La originalidad y la maestría del pintor napolitano, Luca Giordano, recrea en nueve lienzos la vida de la Virgen María, que comienza con el Anunció del Nacimiento de María, presentando en primer plano, la figura turbada de Joaquín ante el ángel, cuyos brazos indican la dirección de ese encuentro de gracia de los esposos, mientras en la parte superior, sobre un difuso fondo se dibujan las figuras de ambos que ascienden hacia el templo[1].
“No tengas miedo, Ana, ni creas que es un fantasma lo que tienes a tu vista. Soy el ángel que presentó vuestras oraciones y limosnas ante el acatamiento de Dios. Ahora acabo de ser enviado a vosotros para anunciaros el nacimiento de una hija cuyo nombre será María y que ha de ser bendita entre todas las mujeres. Desde el momento mismo de nacer rebosará en ella la gracia del Señor…Levántate, pues, sube a Jerusalén. Y cuando llegues a aquella puerta que llaman Aurea por estar dorada, encontrarás allí, en confirmación de lo que digo, a tu marido, por cuya salud estás acongojada. Ten, pues, seguro, cuando tuvieren cumplimiento estas cosas, que el contenido de mi mensaje se realizará sin duda alguna”.[2]
Ana, era natural de Belén y prometió si Dios le daba un hijo dedicarle al servicio de Dios.
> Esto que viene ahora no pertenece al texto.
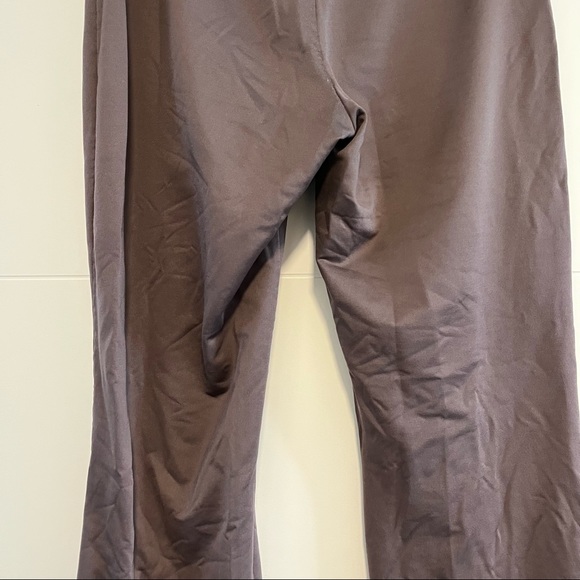 Reebok | Wide/Flared Leg Leggings - Picture 10 of 14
Pasados los nueve meses, dio a luz a una niña a la que llamó Miriam (María), tal como le había anunciado el ángel. En esta escena, del Nacimiento de la Virgen, Luca Giordano la presenta en dos planos: en el primero, María recién nacida está sobre los brazos robustos de una matrona que aparece de espaldas y sentada, rodeada de otras cuatro jóvenes que la auxilian, de las que tres de ellas marcan una línea ascendente en paralelo con el plano superior que inicia san Joaquín, que de píe contempla la escena y que finaliza con santa Ana incorporada sobre un alto lecho, a la que asisten dos doncellas. La luz una vez más irrumpe entre oscuros nubarrones y tras iluminar a santa Ana cae de lleno sobre la humanidad de la criatura. Compositivamente la escena es aparentemente simple, aunque tiene la virtud de permitirnos apreciarla de una sola mirada, incluso en sus pequeños detalles, como es la presencia de un gato, cuya presencia humaniza aun más la escena.
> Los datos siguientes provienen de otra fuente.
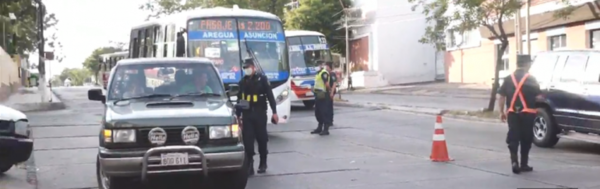 HOY / Rigurosos controles policiales en la zona de Luque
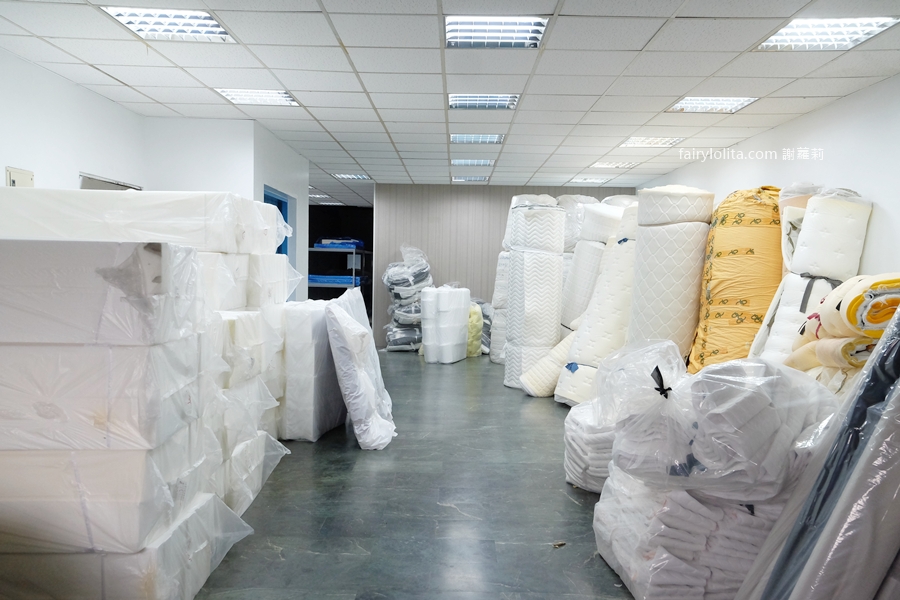 八鐘頭睡眠名床(新莊工廠)。90%的人挑床都看錯?工廠直營的真相全公開,這篇一定要看! @蹦啾♥謝蘿莉 La vie heureuse 八鐘頭睡眠名床(新莊工廠)。90%的人挑床都看錯?工廠直營的真相全公開,這篇一定要看! @蹦啾♥謝蘿莉 La vie heureuse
“Dios es verdaderamente vengador del delito, más no de la naturaleza. Y por eso, cuando tiene a bien cerrar la matriz, lo hace para poder abrirla de una manera más admirable y para que quede bien claro que la prole no es fruto de la pasión, sino de la liberalidad divina”. (Caps. III-IV del L.N.M.)
Al cumplir los tres años, y por tanto acabado el periodo de lactancia materna, Joaquín y Ana llevaron a María al templo para que fuera allí educada con las demás doncellas. La bienaventurada Virgen María mientras su padres estaban entretenidos en cambiar sus vestidos de viajes por otros más limpios y curiosos comenzó por si sola su primera peregrinación, subiendo los quince peldaños hasta la entrada del templo para cumplir con el sacrificio prescrito por la Ley, tal como se puede contemplar en la tercera escena de la vida de la Virgen, la presentación de Nuestra Señora en el templo de Luca Giordano, en la que destaca esa línea ascendente de María subiendo las gradas del templo hasta llegar a la reverente figura del sumo sacerdote, que sale a su encuentro. Esa misma línea diagonal en paralelo a la principal la proyectan también tres personajes que acompañan la escena, un hombre y dos mujeres, portando la primera un cesto con un pichón, cumpliendo así la Ley del Señor, todo ello envuelto sobre cromáticas nubes, que buscan ese efecto pictórico entre el plano espiritual y terrenal, y que el italiano tan sabiamente utilizó en toda la serie de la vida de la Virgen, quizás consciente de que la luz que penetra en esta antesala del cielo, penetra únicamente por la linterna del lucernario.
Aquí inició la gloriosa Virgen María su verdadero camino como Madre del Señor y de todos los hombres.
“Y cuando estaban entretenidos… la Virgen del Señor se fue subiendo una a una todas las gradas, sin que nadie le diera la mano para levantarla y guiarla, de manera, que, por lo menos en este punto, nadie podría decirle que le faltaba gravedad propia de edad madura…” (Cap. VI del L.N.M.)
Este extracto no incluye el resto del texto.